Single Instruction, Multiple Data: SIMD in SSE

CS 301 Lecture, Dr. Lawlor

This is an old, simple, but powerful idea--"SIMD", which stands for Single Instruction Multiple Data:
You can do lots of interesting SIMD work without using any special instructions--plain old C will do, if you treat an "int" as 32 completely independent bits, because any normal "int" instructions will operate on all the bits at once.  This use of bitwise operations is often called "SIMD within a register (SWAR)" or "word-SIMD"; see Sean Anderson's "Bit Twiddling Hacks" for a variety of amazing examples.

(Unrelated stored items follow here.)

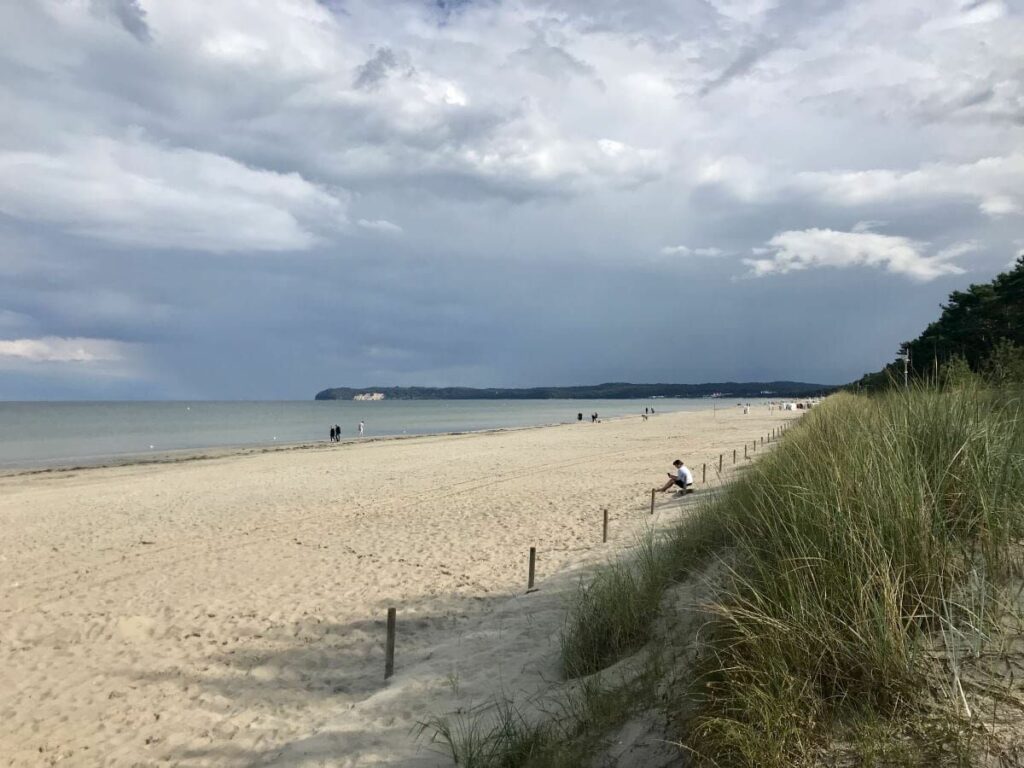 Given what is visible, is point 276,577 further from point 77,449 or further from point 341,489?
point 77,449

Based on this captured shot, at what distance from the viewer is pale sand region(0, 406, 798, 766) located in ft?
17.9

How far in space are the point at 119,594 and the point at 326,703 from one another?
523 centimetres

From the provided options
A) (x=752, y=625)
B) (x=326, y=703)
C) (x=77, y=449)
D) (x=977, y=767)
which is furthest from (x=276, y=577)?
(x=77, y=449)

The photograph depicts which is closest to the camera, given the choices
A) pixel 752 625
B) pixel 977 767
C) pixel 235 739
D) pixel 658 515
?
pixel 977 767

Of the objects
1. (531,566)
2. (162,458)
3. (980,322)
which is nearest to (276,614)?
(531,566)

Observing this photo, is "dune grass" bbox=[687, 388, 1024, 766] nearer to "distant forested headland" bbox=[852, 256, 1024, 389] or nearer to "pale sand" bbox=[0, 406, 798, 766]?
"pale sand" bbox=[0, 406, 798, 766]

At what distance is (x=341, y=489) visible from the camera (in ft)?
63.7

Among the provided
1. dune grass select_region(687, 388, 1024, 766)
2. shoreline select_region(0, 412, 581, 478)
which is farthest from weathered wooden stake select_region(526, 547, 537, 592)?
shoreline select_region(0, 412, 581, 478)

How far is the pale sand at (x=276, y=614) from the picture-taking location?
17.9ft

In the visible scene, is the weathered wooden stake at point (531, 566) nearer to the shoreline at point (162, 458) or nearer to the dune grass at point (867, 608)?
the dune grass at point (867, 608)

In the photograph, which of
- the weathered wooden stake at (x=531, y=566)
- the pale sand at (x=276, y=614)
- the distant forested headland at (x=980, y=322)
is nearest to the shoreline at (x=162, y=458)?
the pale sand at (x=276, y=614)

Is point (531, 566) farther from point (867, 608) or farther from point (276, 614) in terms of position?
point (867, 608)

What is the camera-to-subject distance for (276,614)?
826 centimetres

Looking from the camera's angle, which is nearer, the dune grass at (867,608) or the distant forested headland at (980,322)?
the dune grass at (867,608)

Back in the 1980's, "vector" machines were quite popular in supercomputing centers.  For example, the 1988 Cray Y-MP was a typical vector machine.  When I was an undergraduate, ARSC still had a Y-MP vector machine.  The Y-MP had eight "vector" registers, each of which held 64 doubles (that's a total of 4KB of registers!).  A single Y-MP machine language instruction could add all 64 corresponding numbers in two vector registers, which enabled the Y-MP to achieve the (then) mind-blowing speed of *millions* floating-point operations per second.  Vector machines have now almost completely died out; the NEC SV-1 and the Japanese "Earth Simulator" are the last of this breed.  Vector machines are classic SIMD, because one instruction can modify 64 doubles.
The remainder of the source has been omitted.